The single success of 21st century reform has been the emphatic insistence that it was no longer acceptable to excuse poor academic performance by saying, “Those kids can’t learn.” This shift represented a vital, remarkable sea change. That shift did raise a question, though: If we weren’t going to blame the students, then who was responsible?
Teachers sensed that the answer was simple: They were. Teachers got the idea, quite understandably, that they were being made into scapegoats, while parents, policymakers, dubious measures of performance, sleazy vendors and bureaucrats were getting a pass.
Meanwhile, teachers had plenty of other legitimate frustrations.

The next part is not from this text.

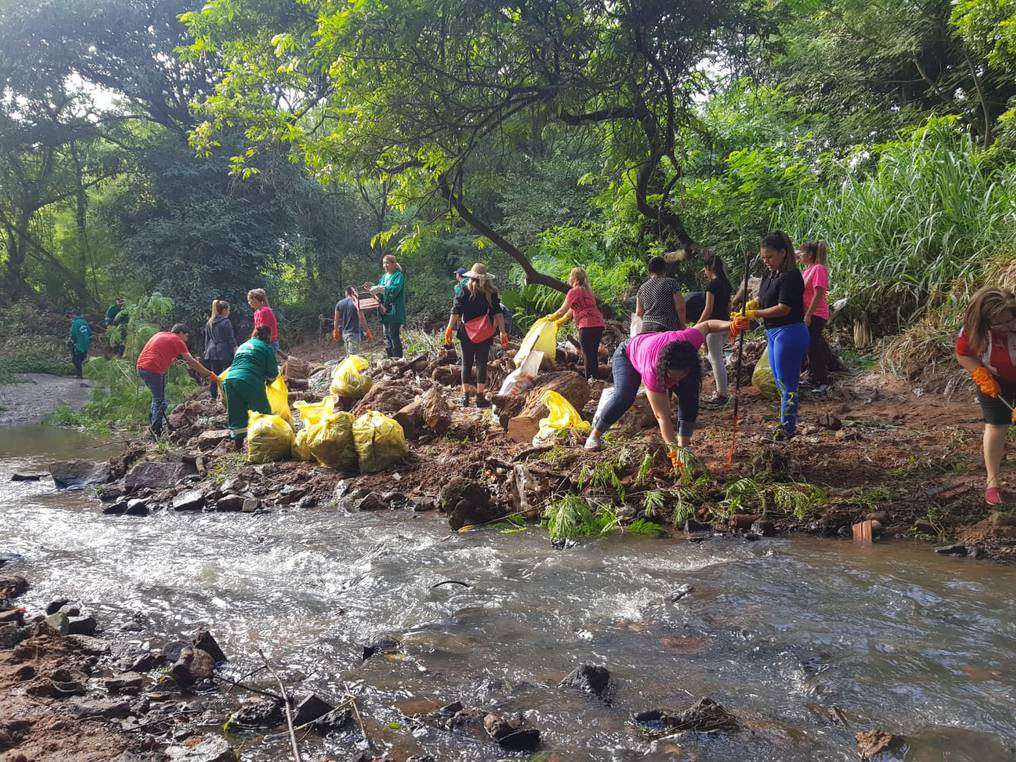 La Nacion Continua Limpieza Del Arroyo San Lorenzo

Indeed, between 1992 and 2014, after-inflation teacher salaries actually declined by 2%. And little reform seemed to focus on solving the practical problems — like mediocre instructional materials, inconsistent leadership, an undue focus on testing, excessive paperwork or insulting professional development — that teachers wanted someone to address. To top it all off, the new accountability systems, academic standards, tests and evaluation models rarely made it a priority to compensate, recognize or support educators.
In retrospect, these frustrations may have made today’s activism inevitable. Where things go now, however, seems far less ordained.

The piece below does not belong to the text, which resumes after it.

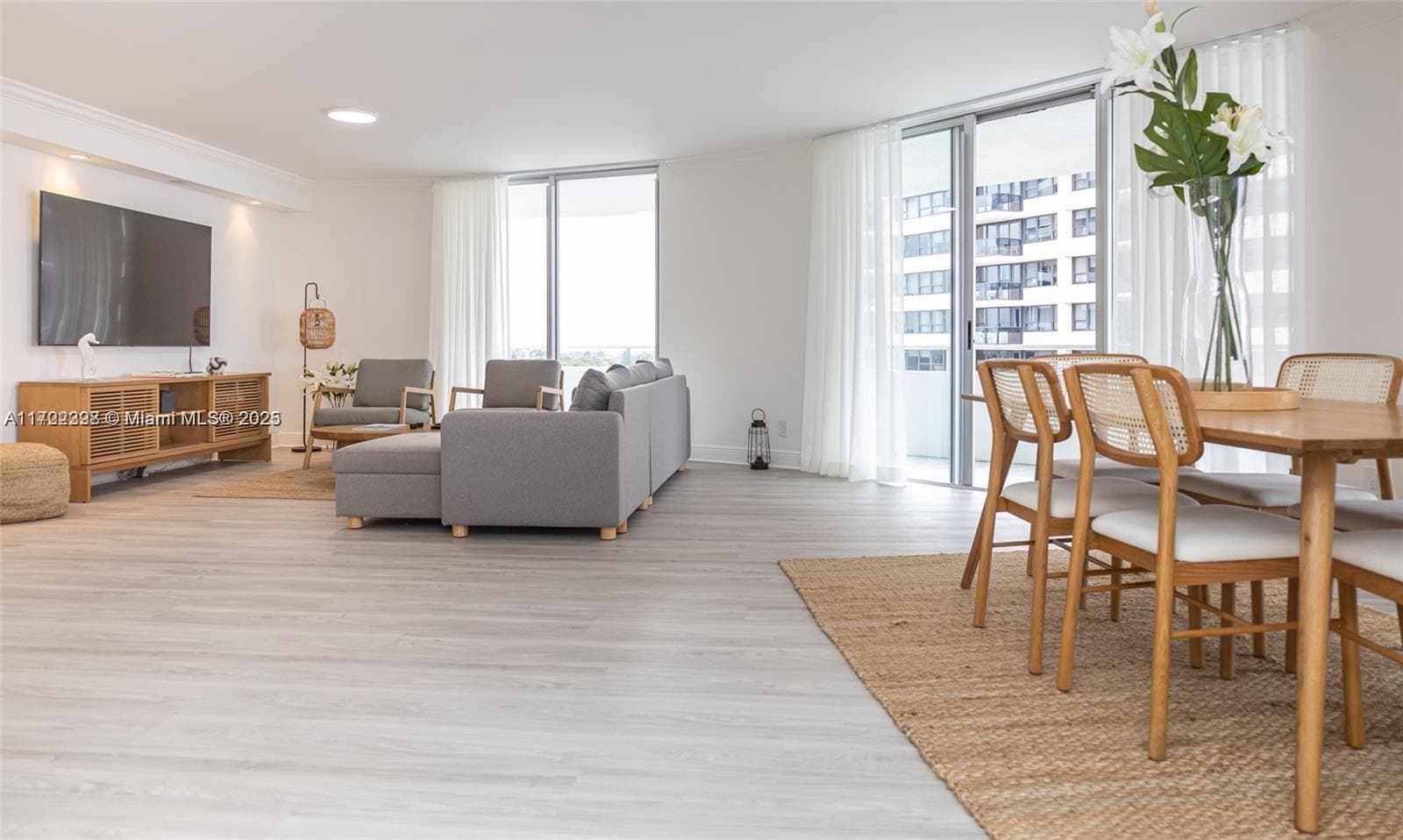 A11722398 — Miami Beach — 44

It would be understandable if teachers who finally feel empowered don’t want to worry overmuch about where things go next. Teachers have public support, their reform nemeses have scattered or left the field and there’s surging progressive support for new spending. Riding that wave seems the natural impulse of union leaders and grassroots activists alike. However understandable, I suspect such a course will ultimately prove short-sighted.
Just as the reformers missed their chance to build something more solid and sustainable, so do today’s teacher activists risk setting themselves up for a bitter comeuppance.
After all, while teachers feel undervalued and underpaid, the fact is that taxpayers have already been ponying up for schools. Even as after-inflation teacher pay was down from 1992 to 2014, real per-pupil spending was up by more than 25%. It’s just that those dollars disproportionately went into administration and benefits. And, while talking points about “failing teachers” gave short shrift to the challenges of school improvement or the roles of parents and policymakers, schools do indeed need to improve in any number of ways.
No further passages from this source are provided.